■ **Information shown**:

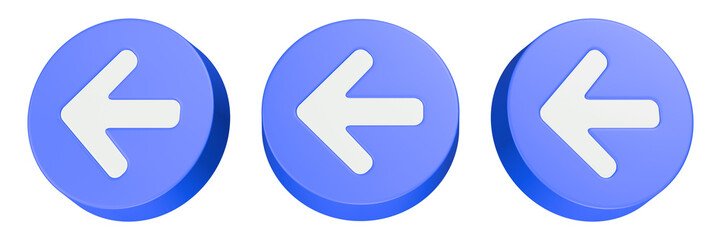 left arrow 3d rendering icon blue button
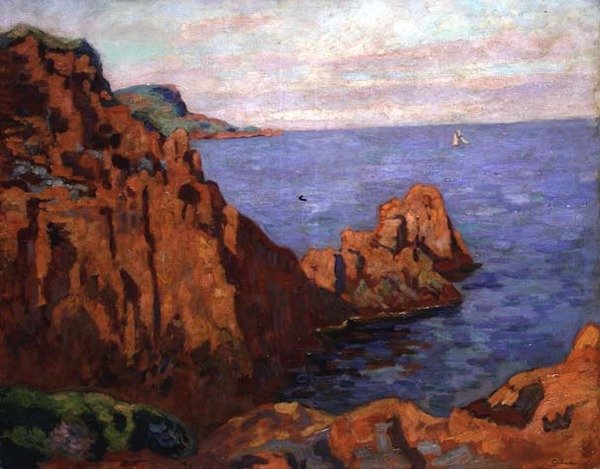 The Red Rocks, cca 1910 (olej na plátně) od Jean Baptiste Armand Guillaumin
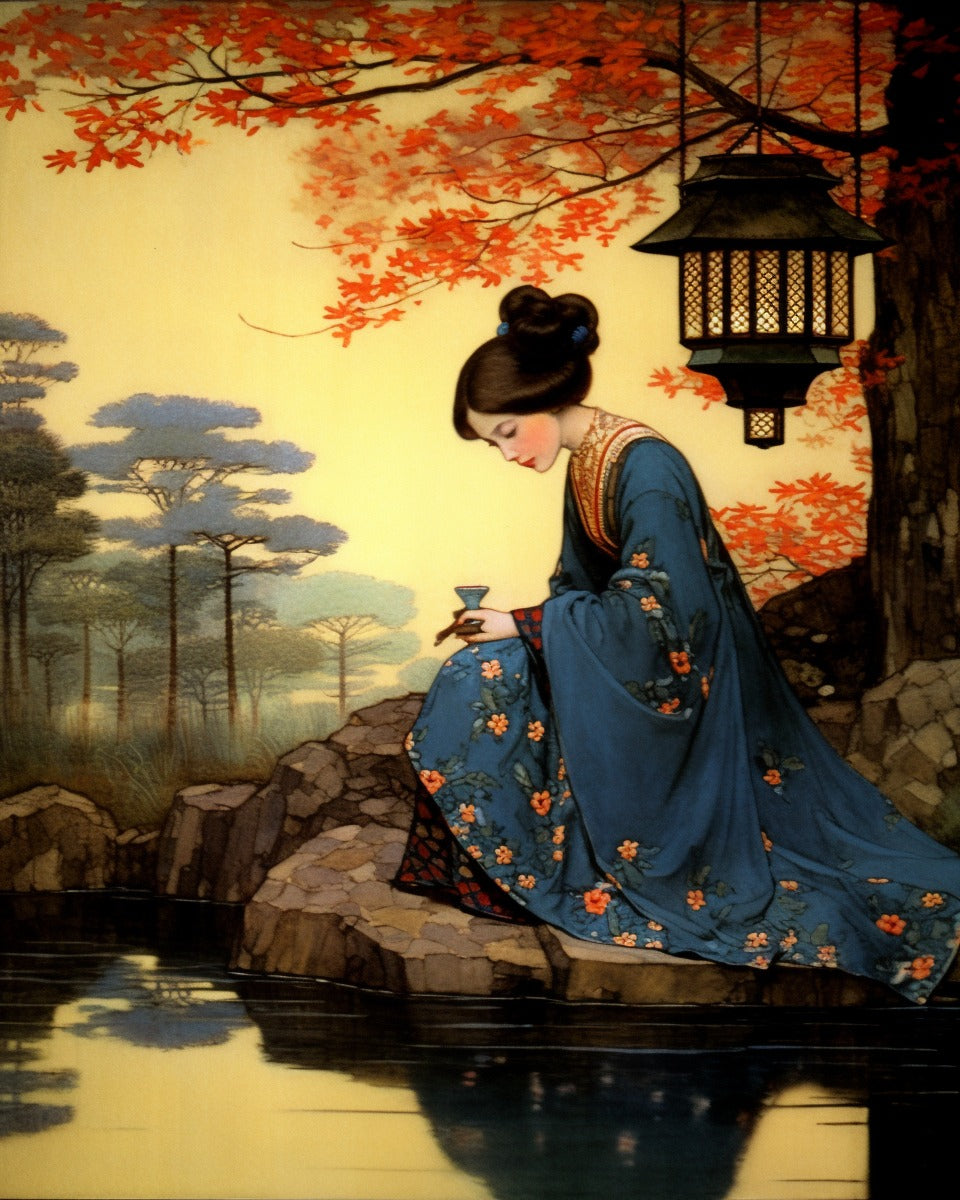 QENSPE 5D Diamond Art Japanse vrouwen, doe-het-zelf diamant schilderij QENSPE 5D Diamond Art Japanse vrouwen, doe-het-zelf diamant schilderij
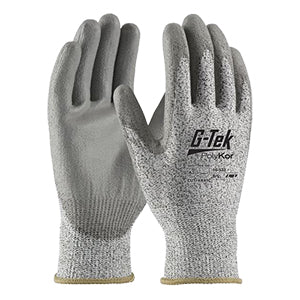 G-Tek® PolyKor® Industry Grade Seamless Knit PolyKor® Blended Glove with Polyurethane Coated Smooth Grip on Palm & Fingers - Bulk Pack (Large)
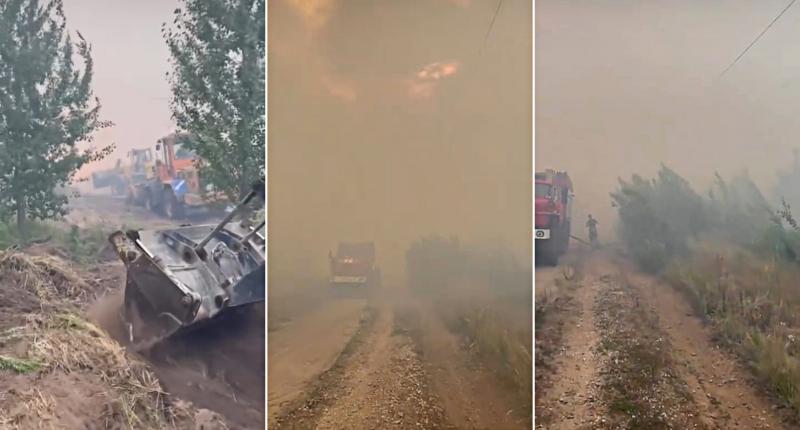 300 человек и авиация: Николай Ренц показал кадры с места пожара в лесу в Тольятти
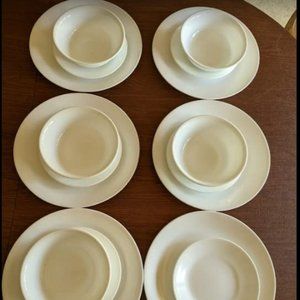 18-Piece Service for 6 Dinnerware Set, Triple Layer Glass and Chip Resistant, Li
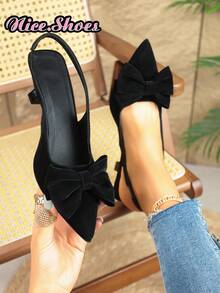 Giày sandal nữ mũi nhọn gót thấp kín mũi thời trang, thiết kế gợi cảm thanh lịch, phù hợp cho những dịp đặc biệt, thoải mái và bền bỉ cho các bữa tiệc hoặc sự kiện. - màu đen - Xem 7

■ **Task directions**: In the records above, copy exactly everything from the line that has "The Red Rocks, cca" down to the line that has "diamant schilderij QENSPE", both ends included, and leave out the pictures.

■ **Task response**:
 The Red Rocks, cca 1910 (olej na plátně) od Jean Baptiste Armand Guillaumin
 QENSPE 5D Diamond Art Japanse vrouwen, doe-het-zelf diamant schilderij QENSPE 5D Diamond Art Japanse vrouwen, doe-het-zelf diamant schilderij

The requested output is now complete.